Electric motors can be made with 100,000 hour lives. Gasoline cars rarely last more than 5000 hours of operation - with exceptions, like taxis, whose engines are usually maintained hot 24/7, via shifts and who often have weekly oil and filter changes.
I
think high acceleration will decrease the efficiency of an electric vehicle,
but I see the point of your question.
With either ICE or an EV, the power primarily goes toward the kinetic
energy of the vehicle, which cannot be recovered by an ICE. However, the energy recover is far from
perfect in an EV, with the inefficiency primarily being due to charging the battery. One main advantage that an EV has is the
electric motor can produce torque at zero RPM, where a transmission is very
inefficient. For a simple quick start,
the hit on efficiency should be much less for an EV. If you're talking about racing around town,
then other losses (I²R losses in the conductors, windage losses at higher
speeds, any loss due to the tires skidding, switching losses in the power
electronics, lower efficiency due to the motor and power electronics being
hotter, etc.) increase and cannot be recovered.

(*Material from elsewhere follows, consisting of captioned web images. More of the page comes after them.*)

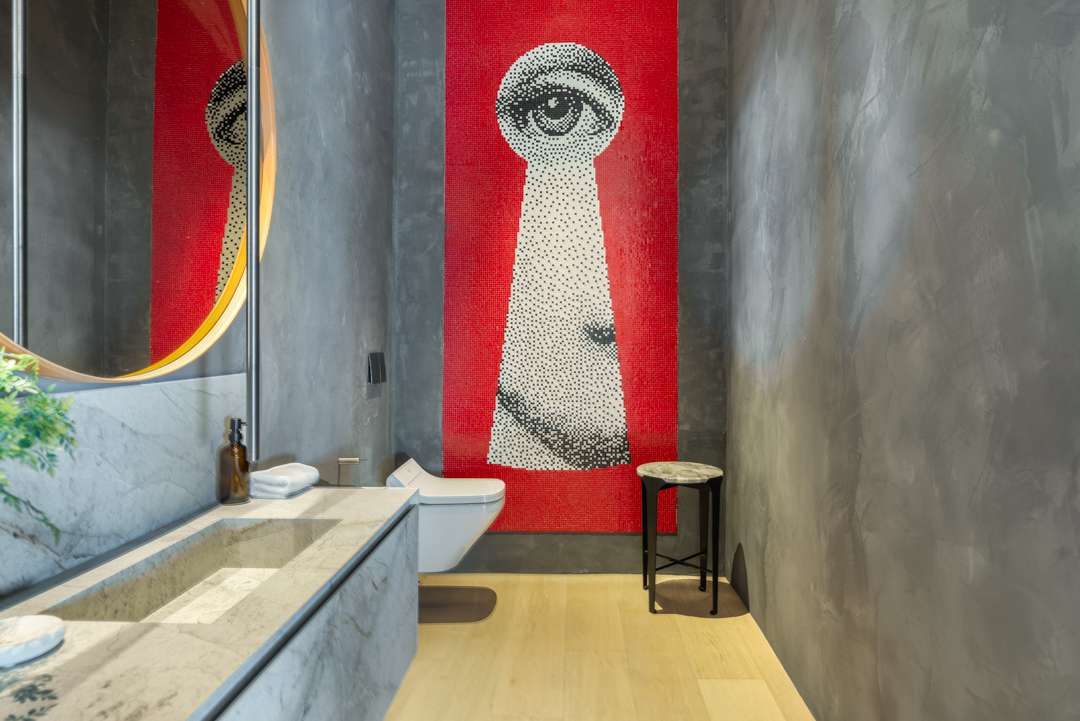 Bathroom with red, black, and white eye artwork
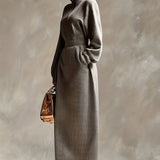 Woman wearing a high-neck maxi dress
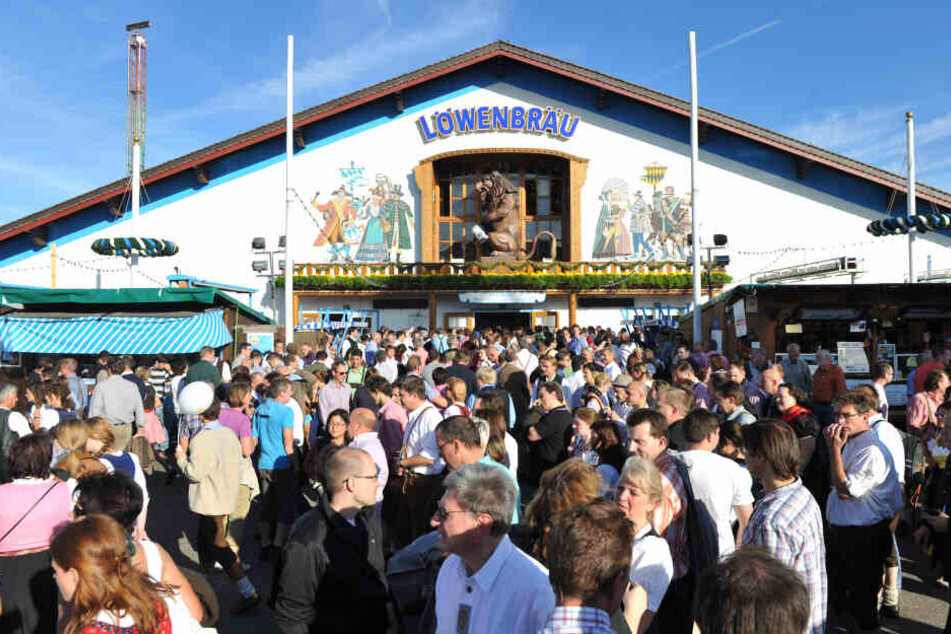 Oktoberfestbesucher stehen vor der Löwenbräu-Festhalle auf der Wiesn.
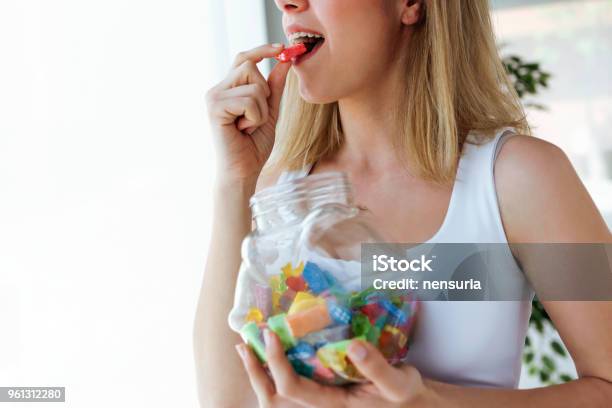 Pretty Young Woman Eating Colorful Jelly Candies At Home Addiction Concept Stock Photo - Download Image Now
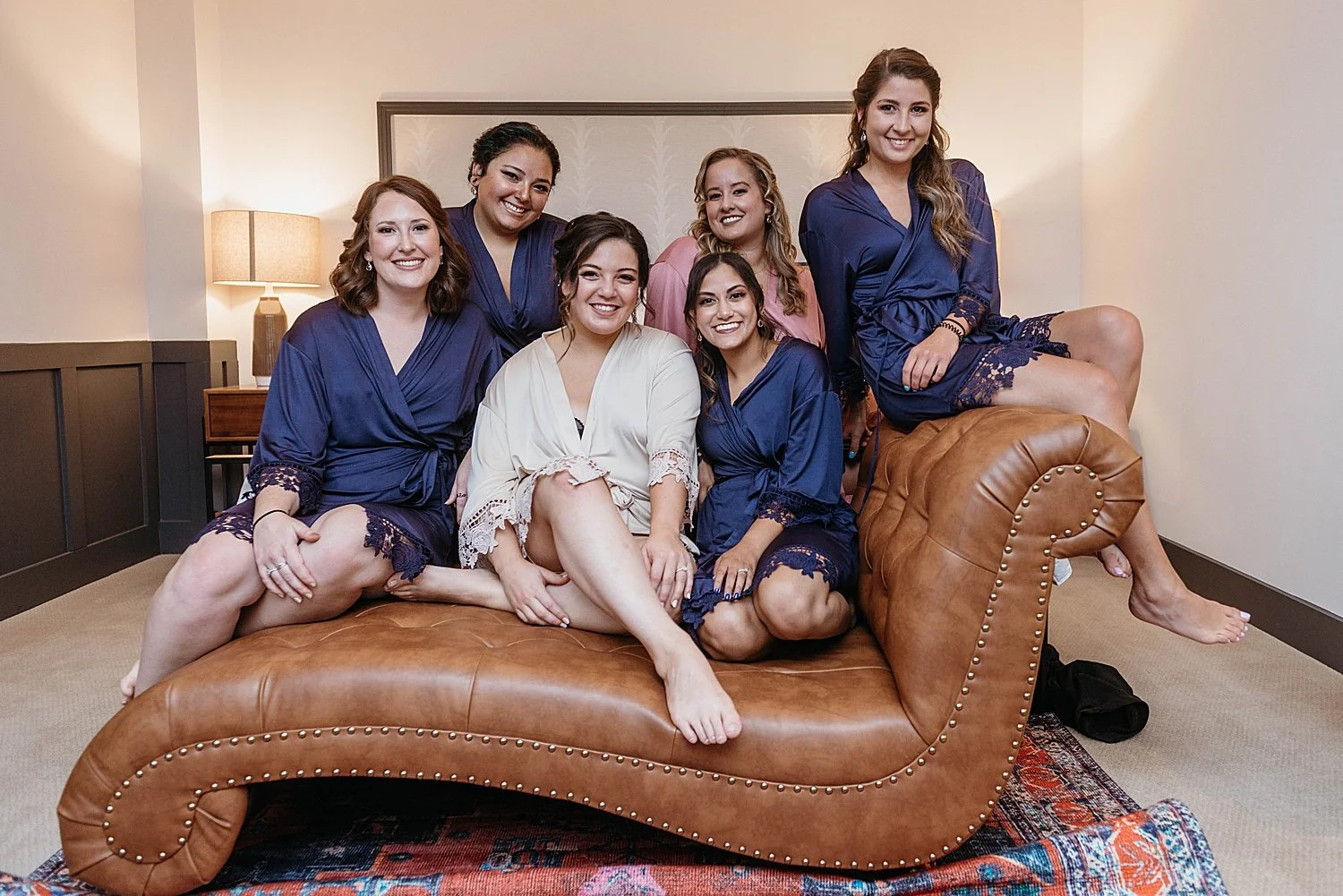 Bride sits with her bridesmaids on a leather chaise in a hotel room at Hotel Morgan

My DIY EV has about 860 mOhm battery pack internal resistance. That includes all wiring, cell internals etc. It's a 600 VDC pack.
On colder weather it increases to 1 Ohm - so lets use 1 Ohm.
At 60 km/h I cruise at about 10 Amps. My I2R losses are therefore 10*10*1 Watts - 100 W, pretty good (I'm using about 6 kW in that example).
Flat out acceleration pulls about 93 Amps. 93*92*1 - so just shy of 8700 Watts.
Battery pack voltage has probably dropped to 550 V so 51 Kw with around 8.7kW losses. That's power I won't recover with regenerative braking either.
With gentle acceleration (20 Amps) I recover around 70% upon slowdown (mainly mechanical losses) provided I don't use mechanical brakes. Of course every bit of energy in maintaining cruise speed is always lost.
Interested to see what your internal resistance is. What type of battery are you using? Li-ion batteries are said to have a higher internal resistance than convention lead/acid, NiMH and Ni/Cd. I'm always reading about battery chargers that will recharge an electric vehicle in 5-10 minutes, implying currents of something like 600 Amps, so the losses at an internal resistance of 1 ohm would be a staggering 360 kW - enough to heat a cathedral and all landing up in your car battery. That's why I view those claims with great skepticism.
Yes, more like about 30 minutes to 80% charge. That would make the charge rate for mine about 35 Amps which is a reasonable loss. The rate of charge is indeed related to the pack's internal resistance.
The cells are LiFePO4 - Lithium Iron Nanophosphate. 384 10AH cells arranged as 192 cell pairs. Brand is Headway, model 38120S.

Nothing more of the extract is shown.